Friday, August 17, 2012

My fiber tumbler

I am often asked how we made our own fiber tumbler, so I will repost this blog entry from two years ago.

I have found this fiber tumbler works great.  The only negative comments I have ever gotten was from someone who markets a fiber contraption that they insist works better.  Not only am I skeptical, but there is a huge price different between making this and buying a contraption.  In the end we all do what we feel is best for our farm, and for my fiber processing, this works great!  I still love it 2 years later.
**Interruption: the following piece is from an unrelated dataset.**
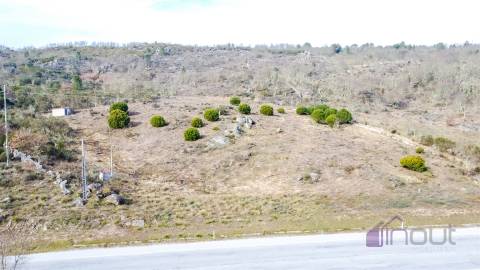 Terreno com eletricidade e água a 7 minutos da Guarda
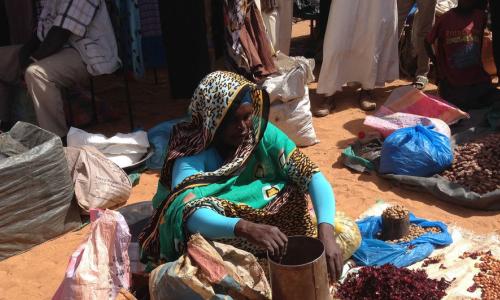 Urasimishaji wa sekta isiyo rasmi ni moja ya mbinu za kukuza uchumi wa nchi. Picha: IFAD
Here is it from August of 2010:

My wonderful husband is always looking for ways to assist in making fiber production easier. Currently we do everything at our home, which makes it truly hand produced. But, it is time consuming. While I love spinning yarn and knitting up items, I'm not as fond of the flicking of fiber and skirting of fiber. J read about a way to make a fiber tumbler from a dryer. You only need the dryer to spin, no heat (heat will make the fiber felt). He found a dryer on Craig's list that was very cheap, because it only heated half of the time. Since we won't hook up the heat, it's perfect for us. Even more neat, it's a fairly new dryer (I was expecting an ancient dinosaur of a thing), so it's light (easy to transport home), and looks nice too. Not that it matters, it's in my fiber room:


We plugged the electric in so the dryer will run (tumble).  We did not vent it outside since it is not hooked up to heat (which for us would be propane), and because it is in a not quite finished part of our basement.  You could vent it outside and then the extra dirt and debris would go outside.  But if you do that, but sure to clean out your vent frequently.  We just let it vent into the room and I sweep it up frequently (that way there is less chance of a clogged vent).  Some of the debris goes into the lint trap, so I make sure to clean that out after every tumbling load.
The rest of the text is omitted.